## [Data section]
-*-*-

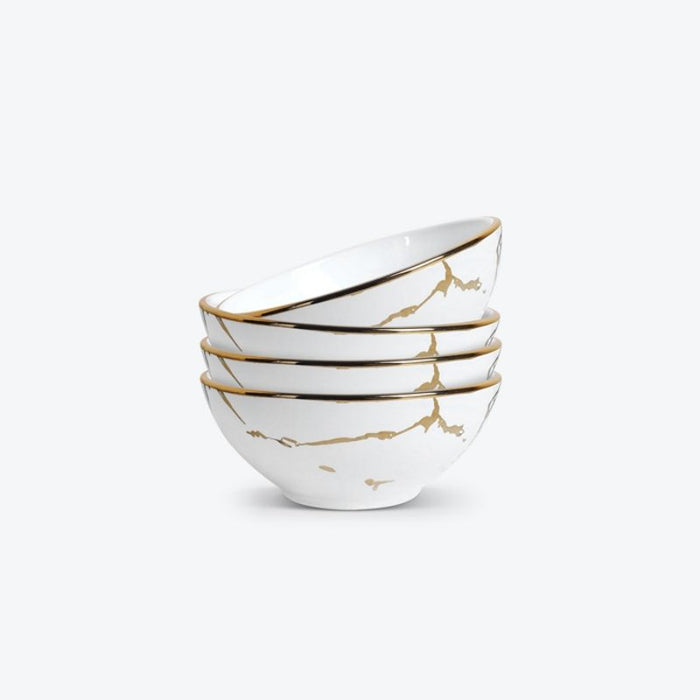 Marble Porcelain Soup Bowl Set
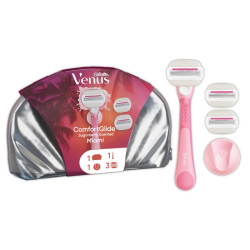GILLETTE Venus Comfortglide Miami дръжка с 3 ножчета + несесер, комплект за жени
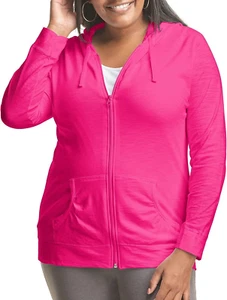 JUST MY SIZE Women's Plus Size Full, Lightweight Zip-up Hoodie 2X, Amaranth  - Picture 1 of 4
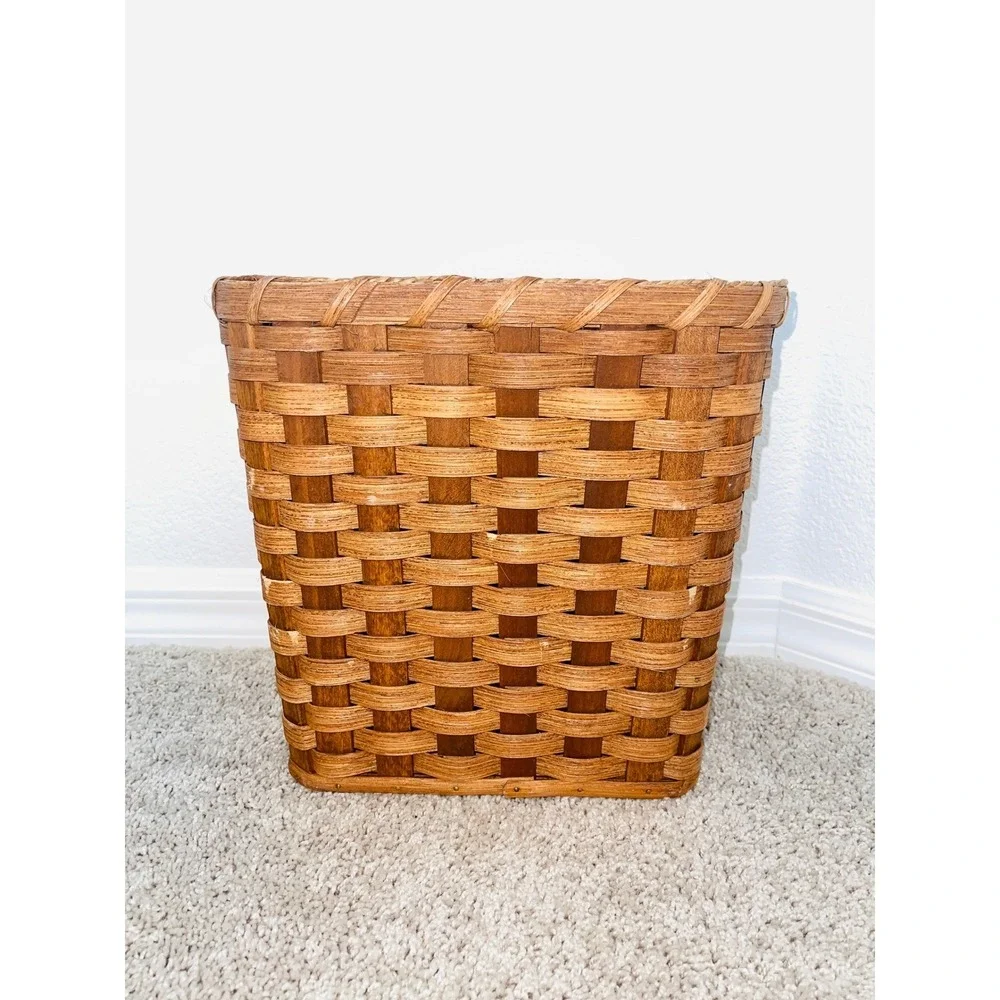 VTG Amish Hand Woven Basket Signed Orville J Gingerich Wastebasket Trash Bin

-*-*-

## [Work to complete]
Write the listing again exactly, duplicating every line and skipping the pictures.

## [Exercise response]
 Marble Porcelain Soup Bowl Set
GILLETTE Venus Comfortglide Miami дръжка с 3 ножчета + несесер, комплект за жени
 JUST MY SIZE Women's Plus Size Full, Lightweight Zip-up Hoodie 2X, Amaranth  - Picture 1 of 4
 VTG Amish Hand Woven Basket Signed Orville J Gingerich Wastebasket Trash Bin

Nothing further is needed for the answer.